Four days in a coma. Six weeks in the hospital. Blaine never came to see me. Never even sent a card. I’d have ripped it to shreds, but at least it would have acknowledged what happened. He knew, of course. Diana had made sure of that, contacting him while I was in emergency. He hadn’t asked how bad I was. Just mumbled something and hung up.

When I’d seen him run away in the alley, my outrage had been tempered by the certainty that he would get help. Even as the blows had started to fall, I’d clung to that. He must have called the police. He must have.

The last thing that passed through my mind before I lost consciousness was that I just had to hold on a little longer. Help was on the way. Only it wasn’t. A homeless guy cutting through the alley stumbled across me, hours later. A stranger—a drunk stranger—had run to get help for me. My boyfriend had just run.

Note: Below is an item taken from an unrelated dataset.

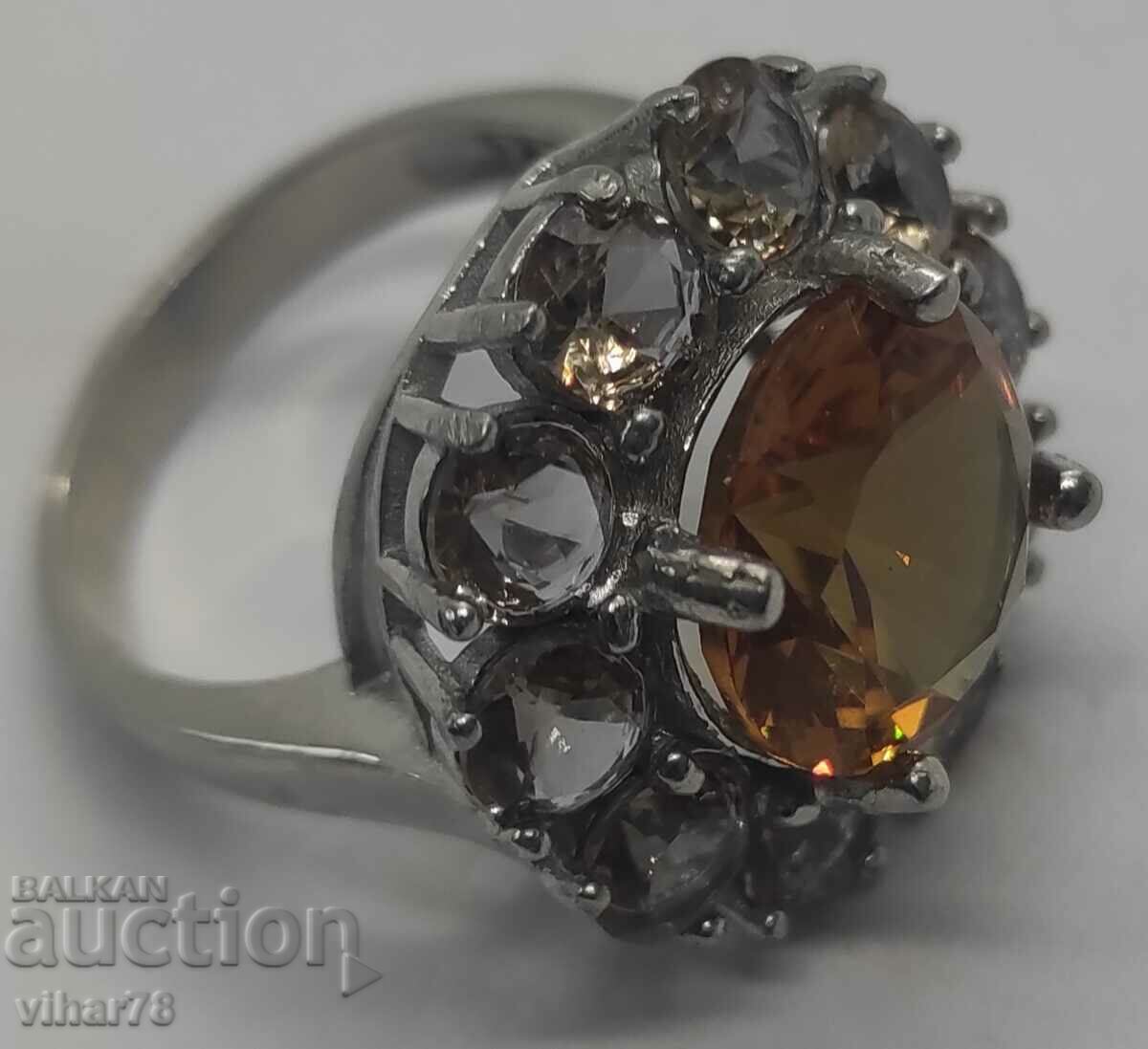 Аукцион Масивен сребърен пръстен Аукцион Масивен сребърен пръстен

Blaine did need to speak to the police, after I woke up and told them what happened. But in Blaine’s version, he’d created the distraction. I’d been escaping with him, and we’d parted at the street. The muggers must have caught up and dragged me back into that alley. If Blaine had known, he’d have done something. To suggest otherwise, well … I’d suffered head trauma, hadn’t I? Temporary brain damage? Loss of memory? Clearly, I’d misremembered.

I didn’t call him when I got out of the hospital. That conversation had to happen in person. It took a week for me to get around to it, because there was something I needed to do first. Buy a gun.

Blaine’s routine hadn’t changed. He still went jogging before dawn. Or that’s what he’d say if he was trying to impress a girl: I run in the park every morning at five. It wasn’t completely untrue. He did go out before dawn. He did run in the park. Except he only did it on Fridays, and just to the place where he stashed his drugs. Then he’d run back to campus, where he could usually find a few buyers—kids who’d been out too late partying, heading back to the dorms before dawn, in need of a little something to get them through Friday classes.

I knew the perfect place for a confrontation. By the bridge along the riverbank, where he’d pass on his way home. The spot was always empty at that time of day, and the noise of rushing water would cover our discussion.

Cover a gunshot, too?

No, the gun was only a prop. To let him know this was going to be a serious conversation.

I waited by the foot of the bridge. He came by right on schedule. Walking. He only jogged where people could see him. I waited until I could hear the buzz and crash from his music. Then I stepped out into his path.

“Casey?” He blinked and tugged at the earbuds, letting them fall, dangling, as he stared at me. “You look …”

“Like I got the shit beat out of me?”

“It’s not that bad.”

“True. The bruises have healed. There are only ten stitches on my face. Oh, and this spot, where they had to shave my head to cut into my skull and relieve the bleeding.” I turned to show him. “Plus a few teeth that will need to be replaced after my jaw’s fully healed. My nose isn’t straight, but they tell me plastic surgery will fix that. They also say I might walk without the limp if I work really, really hard at it.”